The word Logos in the Greek mind (we study its usage in the Greek mind because the book of John was written in Greek and the concept of logos is Greek) has a significance that heightens its meaning for us. Here we distinguish between significance and meaning because concepts do not grow in meaning, but they often grow in weight or significance. For example, God spoke through the prophet Isaiah in Isaiah 9:6-7 (written around the 8th century before Christ) that a virgin will give birth. It is likely that the people in Isaiah’s day thought one thing about Isaiah’s prophecy that people much later in Paul’s day after the birth, death, and resurrection of Christ saw much more clearly. If this is true, then, the concept of the Logos, used in the Old Testament (cf. 2 Sam 7:4) but was also prevalent in Greek thought gains in weight and significance when understood in terms of how God revealed Christ through the apostle John. Merrill Tenney said, “To the Hebrew ‘the word of God’ was the self-assertion of the divine personality; to the Greek, the formula denoted the rational mind that ruled the universe.” Neither usage quite captures the concept of Logos as John used it.
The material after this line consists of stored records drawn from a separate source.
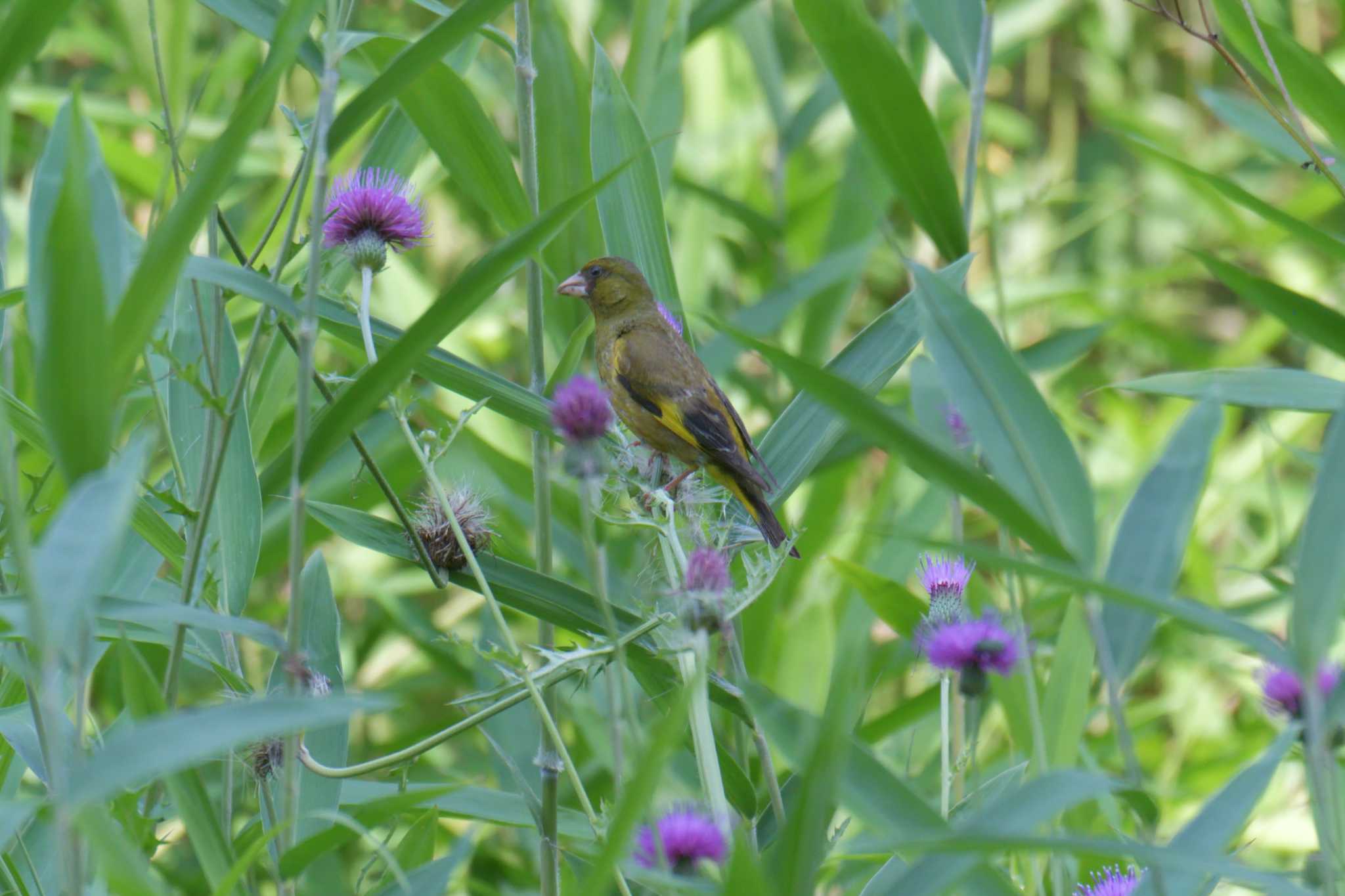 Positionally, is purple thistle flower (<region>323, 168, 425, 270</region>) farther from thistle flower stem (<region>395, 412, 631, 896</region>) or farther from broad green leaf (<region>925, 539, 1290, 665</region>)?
broad green leaf (<region>925, 539, 1290, 665</region>)

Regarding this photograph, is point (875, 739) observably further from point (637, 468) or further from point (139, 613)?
point (139, 613)

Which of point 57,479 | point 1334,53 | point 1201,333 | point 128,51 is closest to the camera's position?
point 57,479

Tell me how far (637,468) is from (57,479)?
62 cm

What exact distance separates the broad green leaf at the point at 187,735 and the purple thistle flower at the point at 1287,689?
0.59 metres

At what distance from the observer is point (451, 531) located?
1.08 m

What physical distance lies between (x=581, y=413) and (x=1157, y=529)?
365mm

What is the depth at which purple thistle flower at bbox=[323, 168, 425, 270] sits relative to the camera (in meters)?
Answer: 1.05

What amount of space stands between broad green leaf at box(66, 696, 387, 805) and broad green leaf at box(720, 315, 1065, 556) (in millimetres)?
287

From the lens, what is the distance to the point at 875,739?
5.78 ft

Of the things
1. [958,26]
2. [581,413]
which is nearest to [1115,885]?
[581,413]

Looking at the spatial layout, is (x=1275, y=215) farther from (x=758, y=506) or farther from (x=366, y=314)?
(x=366, y=314)

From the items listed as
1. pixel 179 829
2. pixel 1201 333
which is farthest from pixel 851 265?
pixel 1201 333

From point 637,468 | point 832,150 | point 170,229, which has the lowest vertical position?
point 637,468

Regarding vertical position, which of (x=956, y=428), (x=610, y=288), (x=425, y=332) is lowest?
(x=956, y=428) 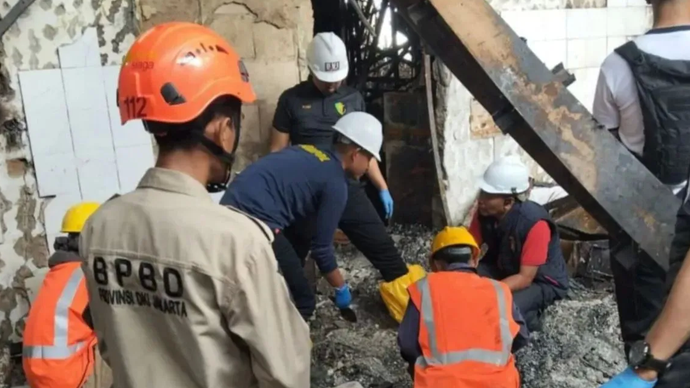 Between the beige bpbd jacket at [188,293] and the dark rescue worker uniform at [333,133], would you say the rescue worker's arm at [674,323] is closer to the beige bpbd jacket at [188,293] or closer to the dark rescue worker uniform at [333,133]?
the beige bpbd jacket at [188,293]

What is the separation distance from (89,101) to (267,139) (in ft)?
4.07

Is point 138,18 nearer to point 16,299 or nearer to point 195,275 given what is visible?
point 16,299

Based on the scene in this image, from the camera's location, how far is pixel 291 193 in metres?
2.97

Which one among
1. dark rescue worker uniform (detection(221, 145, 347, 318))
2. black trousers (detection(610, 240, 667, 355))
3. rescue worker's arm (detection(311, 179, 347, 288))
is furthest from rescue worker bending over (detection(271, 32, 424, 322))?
black trousers (detection(610, 240, 667, 355))

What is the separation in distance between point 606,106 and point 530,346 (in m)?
1.75

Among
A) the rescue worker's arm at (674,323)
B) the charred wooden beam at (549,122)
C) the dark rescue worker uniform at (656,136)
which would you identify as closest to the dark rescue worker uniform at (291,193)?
the charred wooden beam at (549,122)

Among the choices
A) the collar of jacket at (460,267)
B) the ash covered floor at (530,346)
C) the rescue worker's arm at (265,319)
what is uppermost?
the rescue worker's arm at (265,319)

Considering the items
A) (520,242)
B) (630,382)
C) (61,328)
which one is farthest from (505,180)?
(61,328)

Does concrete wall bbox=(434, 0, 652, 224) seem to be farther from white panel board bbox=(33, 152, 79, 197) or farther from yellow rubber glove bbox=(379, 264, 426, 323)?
white panel board bbox=(33, 152, 79, 197)

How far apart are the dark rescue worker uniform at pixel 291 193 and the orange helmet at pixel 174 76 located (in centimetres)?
152

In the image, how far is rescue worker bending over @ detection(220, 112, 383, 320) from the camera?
295 centimetres

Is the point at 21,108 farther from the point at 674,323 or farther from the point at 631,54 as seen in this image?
the point at 674,323

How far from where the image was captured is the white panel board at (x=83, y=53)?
311cm

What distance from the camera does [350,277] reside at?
4395 mm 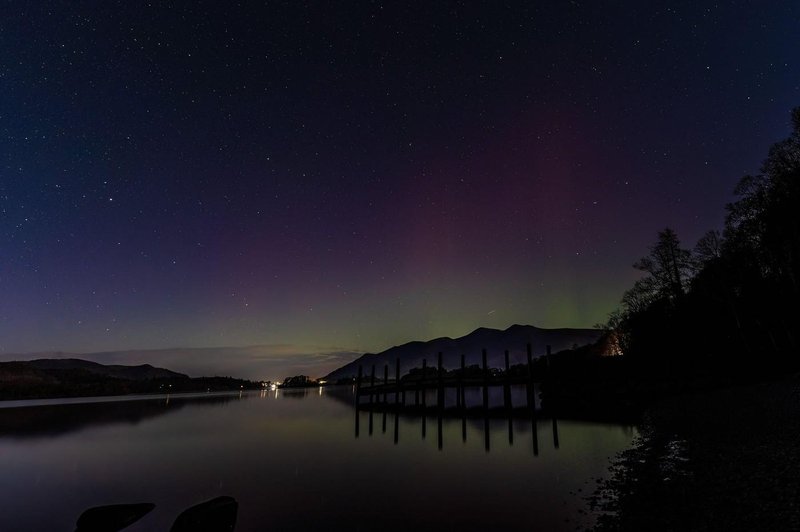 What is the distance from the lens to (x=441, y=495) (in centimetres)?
1638

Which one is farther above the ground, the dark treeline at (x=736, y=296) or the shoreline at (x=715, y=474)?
the dark treeline at (x=736, y=296)

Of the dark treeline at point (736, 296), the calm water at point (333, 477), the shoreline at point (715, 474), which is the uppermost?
the dark treeline at point (736, 296)

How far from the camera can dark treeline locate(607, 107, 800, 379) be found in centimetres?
2625

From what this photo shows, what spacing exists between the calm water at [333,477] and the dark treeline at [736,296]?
14351 mm

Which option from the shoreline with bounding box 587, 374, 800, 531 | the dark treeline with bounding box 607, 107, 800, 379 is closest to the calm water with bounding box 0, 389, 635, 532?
the shoreline with bounding box 587, 374, 800, 531

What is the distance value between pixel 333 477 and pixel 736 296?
35.0 meters

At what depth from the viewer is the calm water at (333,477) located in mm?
14164

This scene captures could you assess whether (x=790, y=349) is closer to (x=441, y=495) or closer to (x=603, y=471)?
(x=603, y=471)

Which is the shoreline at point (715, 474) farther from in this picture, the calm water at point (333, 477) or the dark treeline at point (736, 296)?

How did John use the concept? In the book of John, John uses Word [Gr. ὁ λόγος] to mean “the Word.” The word ‘the’ used before the noun points to a specific identity that John wants to make known to his readers that Jesus is the Word—God’s final revelation of Himself. In his prologue (John 1:1—5), Jesus is the Word: the Word which existed before the creation of all things. He is the Word that exists in a coequal relationship with God from eternity past. He is the Word that brought all things that exist into being. All things include knowledge, wisdom, life, light, beauty, and love meaning He is their source and possesses them in a univocal and superlative way in which no being except the triune God can possess them. He is the Word who became human and lived among us. He is the Word that is the source of life. He possesses life in such a way as to say He owns it and that life which He possesses was the Light of mankind. That light continues to shine and the darkness can neither dampen it, bring it under its control, nor understand it. My friends, this should give us great hope and encouragement as the days grow colder and the light seems dimmer.

As Eugene Peterson puts it: Jesus is the Word who became flesh and moved into our neighborhood.